Gibb Street was mainly Rumanians back then. It was "Adio"—"Good-bye"—in all the shops when you left. Then the Rumanians started leaving. They weren't the first, or the last. This has always been a working-class neighborhood. It's like a cheap hotel—you stay until you've got enough money to leave. A lot of Slovaks and Italians moved in next. Then N**** families in the Depression. Gibb Street became the line between the blacks and the whites, like a border between countries. I watched it happen, through this very window. (2.1)

Over time, Ana has seen a ton of changes in her part of town. And with each change, her neighborhood stays segregated—different races don't live side by side. It's so extreme that Ana even compares the parts of her neighborhood to separate "countries." What do you think—is this a fair comparison?

She gave me some binoculars and told me all about the Chinese girl. (3.5)

Ana has been watching Kim work on her lima beans, and now she wants Wendell to take a look at those lima beans, too. Nosy, much? We know for sure that neither of them knows Kim's background, either, because she's definitely not Chinese (she's Vietnamese). What do you think this tells us about making assumptions about race?

I start up conversations in lines and on the bus and with cashiers. People see I'm friendly, no matter what they've heard about whites or Jews. If I'm lucky, I get 'em talking to each other. Sewing up the rips in the neighborhood. (6.2)

Sam wants to make sure people look past racial stereotypes. For him, this means being nice all the time. No matter what. Do you notice any other characters doing this, too?

One Saturday, when the garden was fullest, I stood up a minute to straighten my back. And what did I see? With a few exceptions, the blacks on one side, the whites on another, the Central Americans and Asians toward the back. The garden was a copy of the neighborhood. I guess I shouldn't have been surprised. (6.5)

When Sam looks at the garden, he sees one thing: segregation. People have separated into their own parts of the garden and aren't working across ethnic differences. Normally, Sam is an optimistic dude. But here, he doesn't sound too cheery. Why don't you think Sam is surprised by the segregation in the garden? Is he more pessimistic than we thought?

The only faces looking back were the drunks that hang out under her place. […] They liked to call me "field slave" and "share-cropper." Ask how Massa's crops is doing. I could have banged their heads together and shut 'em up, but I didn't. (9.6)

While Curtis is working on his tomato plants, a bunch of rude drunks across the street start mocking him. When they call Curtis names like "field slave," they're reminding Curtis about a dark part of American history, when African Americans were slaves. Curtis does a good job of not getting too angry about all this cruel name-calling, but in Shmoop's book, it's 100% unacceptable.

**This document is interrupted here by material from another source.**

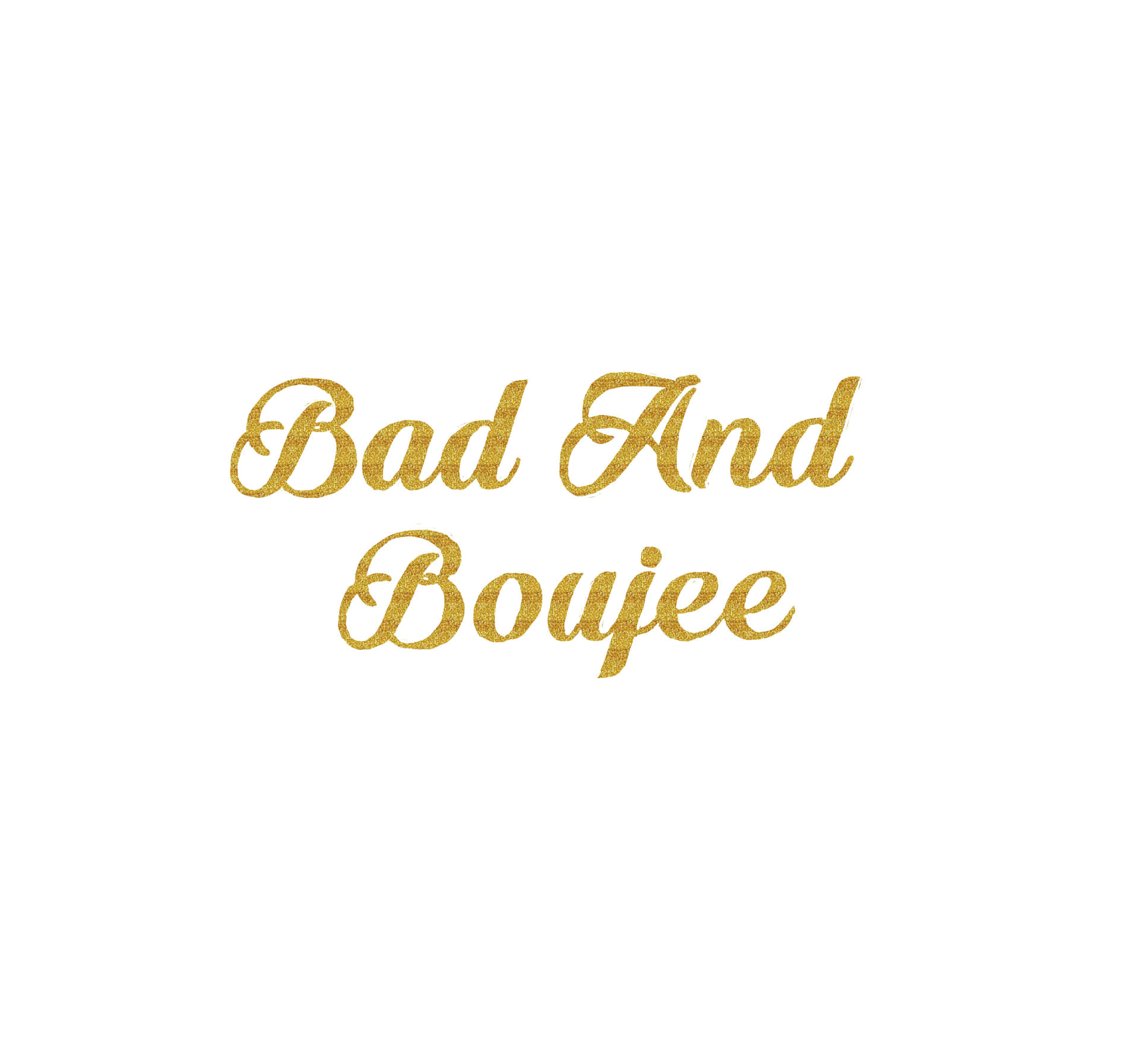 boujee 壁紙 — 金色閃亮草書文字寫著「Bad And Boujee」，居中於純白背景上。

If you're Mexican, the Cubans and Puerto Ricans hate you because they think you snuck in illegally and they didn't. (11.1)

Maricela has some pretty serious thoughts about race. For starters, she feels like other people make assumptions about how she came to live in Cleveland because she's Mexican. And Maricela makes the whole thing even more complicated because she's making some assumptions of her own, right? What do you think of all these assumptions? And does Maricela get to escape stereotypes by the end of her story?

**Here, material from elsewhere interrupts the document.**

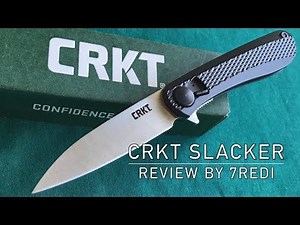 CRKT Slacker with FIELDSTRIP Review - Easily Maintainable Gentleman!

Cleveland is a city of immigrants. The Poles are especially well known here. I'd always heard that Polish men were steelworkers and that the women cooked lots of cabbage. But I'd never know one—until the garden. She was an old woman whose space bordered mine. She had a seven-block walk to the garden, the same route I took. We spoke quite often. (12.5)

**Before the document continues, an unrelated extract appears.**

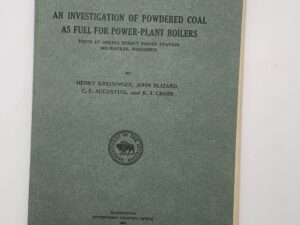 Department of the Interior: Bulletin 223: An Investigation of Powdered Coal as Fuel for Power-Plant Boilers (1923)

Amir has heard some pretty specific stereotypes about Polish people. And before he meets a Polish woman, these stereotypes are all the information he has, which means his picture of Polish people is super skewed. Well, Amir is about to get to know his Polish neighbor pretty well, and he's going to find out just how misleading stereotypes can be.

She looked down at them and said she knew she ought to do it, but that this task reminded her too closely of her concentration camp, where the prisoners were inspected each morning and divided into two lines—the healthy to live and the others to die. Her father, an orchestra violinist, had spoken out against the Germans, which had caused her family's arrest. When I heard her words, I realized how useless was all that I'd heard about Poles, how much richness it hid, like the worthless shell around an almond. I still do not know, or car, whether she cooks cabbage. (12.5)

When Amir gets to know his Polish pal better, he discovers that the stereotypes he's heard are just plain wrong. And worse than that, they actually keep people from really learning about other individuals. Amir compares a stereotype to a "worthless shell around an almond." What do you think of this comparison? One thing is for sure: it's a good thing Amir ignores the stereotypes, because he ends up making a great friend.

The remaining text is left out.